#### What is required:
Type out the data exactly as given. Skip any image.

#### Extracted information:
= = = = = = =

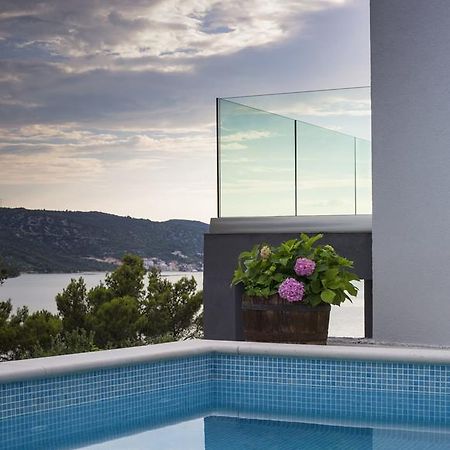 Villa Regina With Heated Pool And Sea View Marina Buitenkant foto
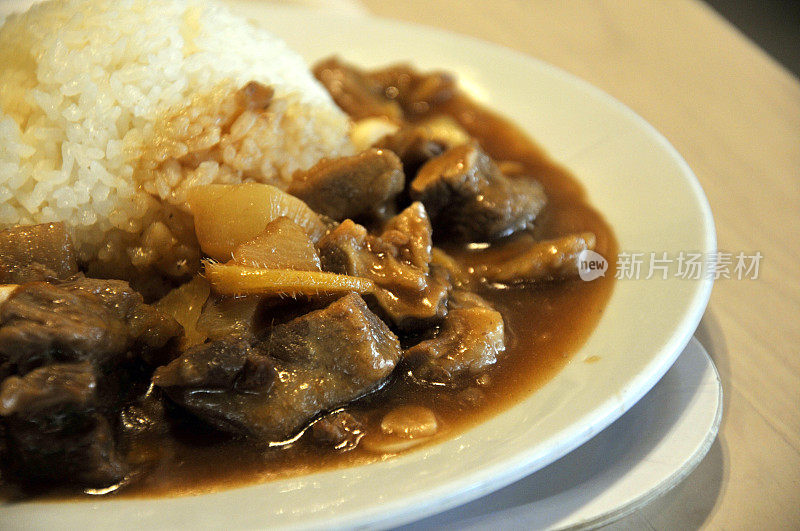 红萝卜牛肉饭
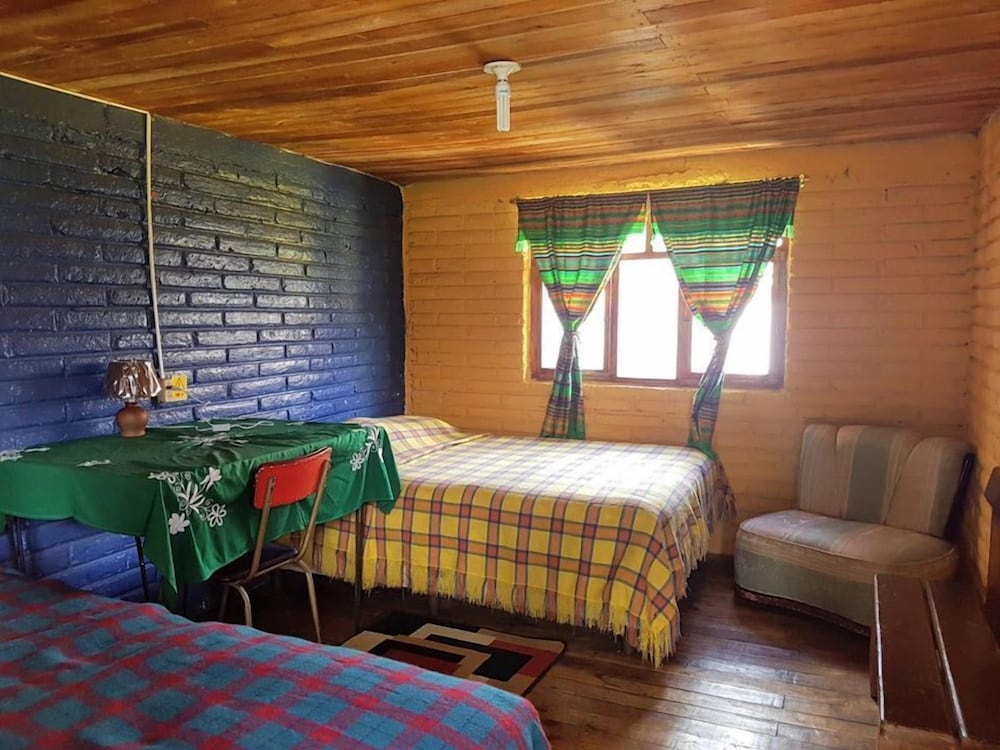 Double or Twin Room, 5 Bedrooms, Non Smoking, Mountain View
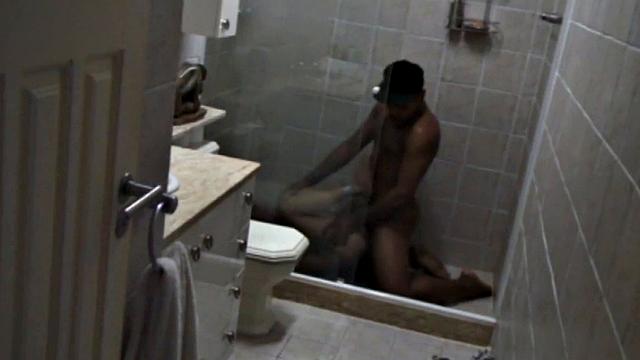 Francisco Macedo walking on the street and spotting Riu Melo gives no indication of what is to come. When you see Riu being dragged down the hall, you'll know that you have wandered into a sexy fantasy world.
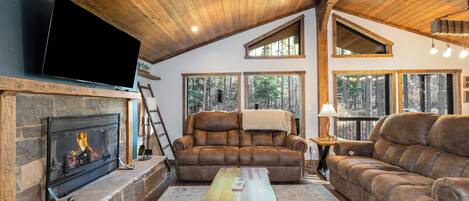 Smart-TV, Kamin, Videospiele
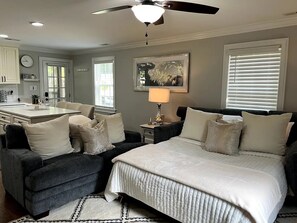 1 habitación, tabla de planchar con plancha, wifi y ropa de cama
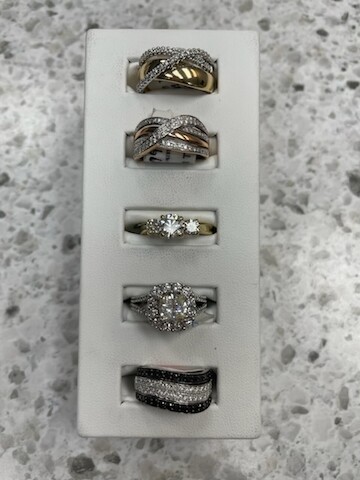 Jeweler «Boyson Jewelry», reviews and photos, 4701 1st Ave SE #4, Cedar Rapids, IA 52402, USA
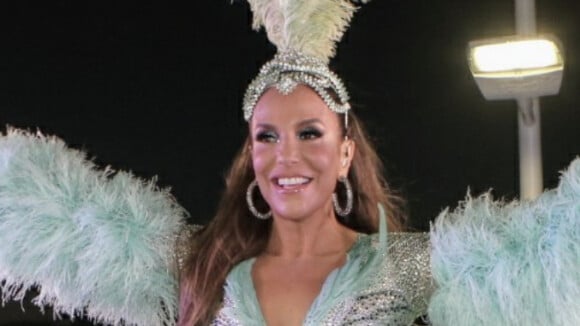 Ivete Sangalo aposta em look com decote e plumas para bloco de carnaval. Fotos!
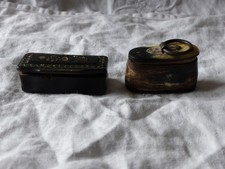 LOT DE 2 ANCIENNES BOITE A PRISER TABATIERE EN CORNE DONT UNE AVEC INCRUSTATION
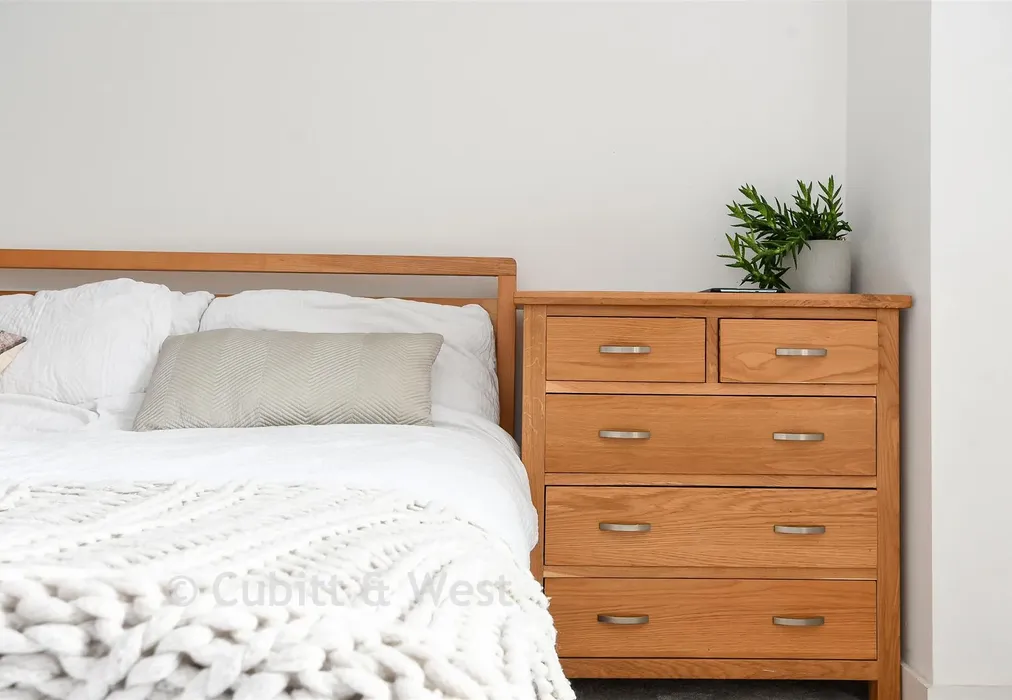 Internal Lifestyle Photograph - Marketfield Way, Redhill, Surrey - Wards of Kent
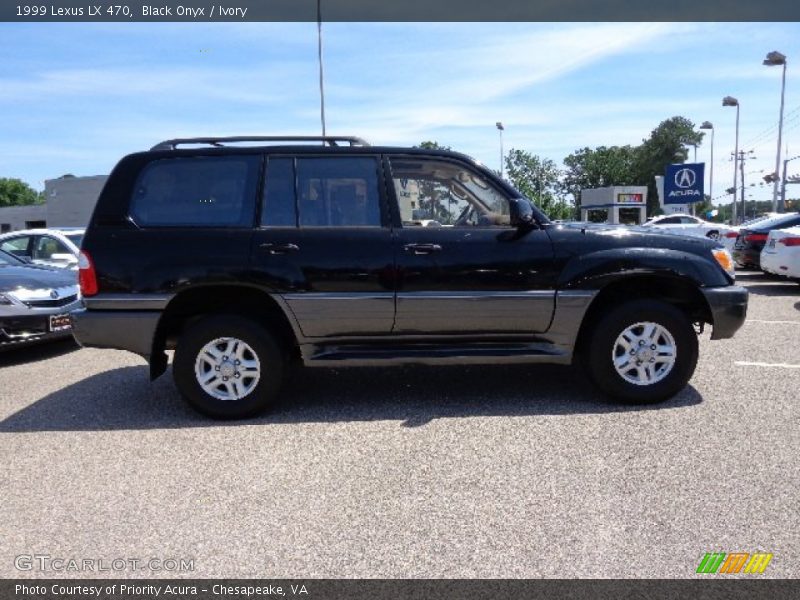 Black Onyx / Ivory 1999 Lexus LX 470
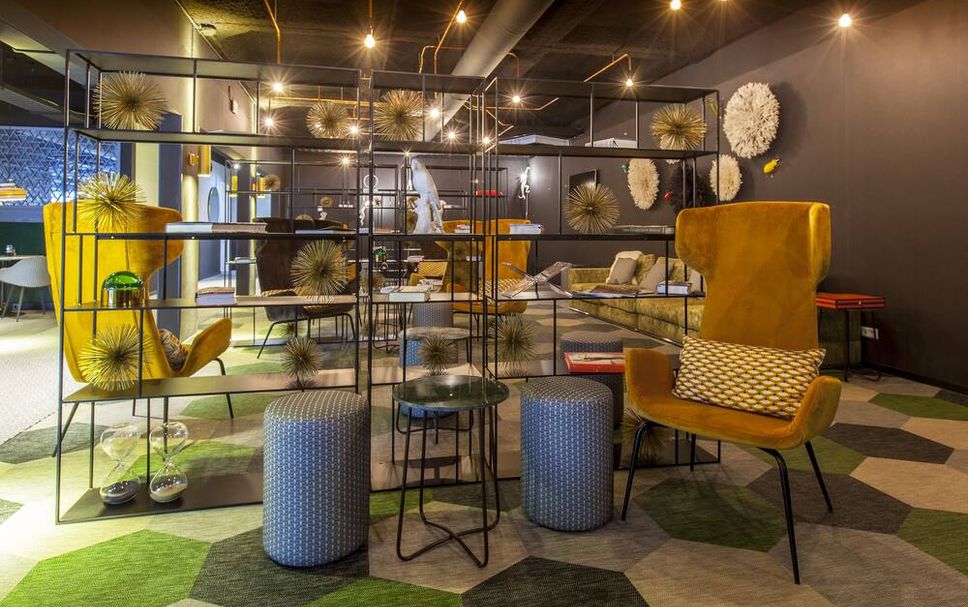 Balai Menunggu Gambar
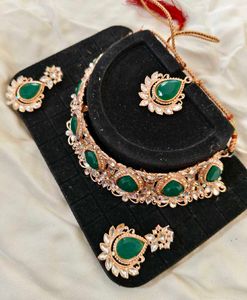 Exquisite Emerald &amp; Pearl Necklace Set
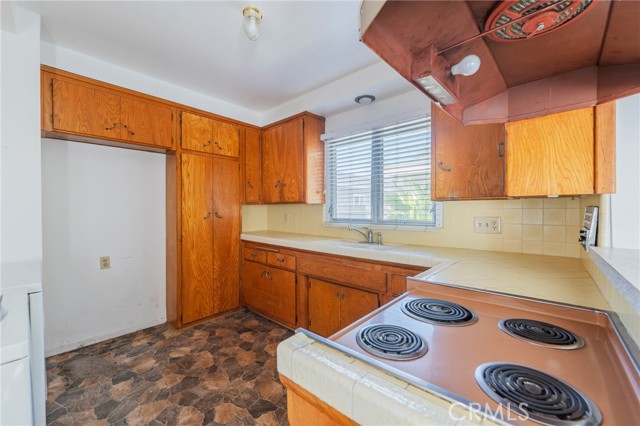 Detail Gallery Image 30 of 47 For 522 Avenue F, Redondo Beach,  CA 90277 - 5 Beds | 3 Baths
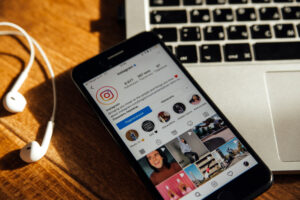 Aplicativo do Instagram aberto em celular simbolizando nova função de dublagem com IA em português.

= = = = = = =

#### Answer space:
 Villa Regina With Heated Pool And Sea View Marina Buitenkant foto
 红萝卜牛肉饭
 Double or Twin Room, 5 Bedrooms, Non Smoking, Mountain View
 Francisco Macedo walking on the street and spotting Riu Melo gives no indication of what is to come. When you see Riu being dragged down the hall, you'll know that you have wandered into a sexy fantasy world.
 Smart-TV, Kamin, Videospiele
 1 habitación, tabla de planchar con plancha, wifi y ropa de cama
 Jeweler «Boyson Jewelry», reviews and photos, 4701 1st Ave SE #4, Cedar Rapids, IA 52402, USA
 Ivete Sangalo aposta em look com decote e plumas para bloco de carnaval. Fotos!
 LOT DE 2 ANCIENNES BOITE A PRISER TABATIERE EN CORNE DONT UNE AVEC INCRUSTATION
 Internal Lifestyle Photograph - Marketfield Way, Redhill, Surrey - Wards of Kent
 Black Onyx / Ivory 1999 Lexus LX 470
 Balai Menunggu Gambar
 Exquisite Emerald &amp; Pearl Necklace Set
 Detail Gallery Image 30 of 47 For 522 Avenue F, Redondo Beach,  CA 90277 - 5 Beds | 3 Baths
 Aplicativo do Instagram aberto em celular simbolizando nova função de dublagem com IA em português.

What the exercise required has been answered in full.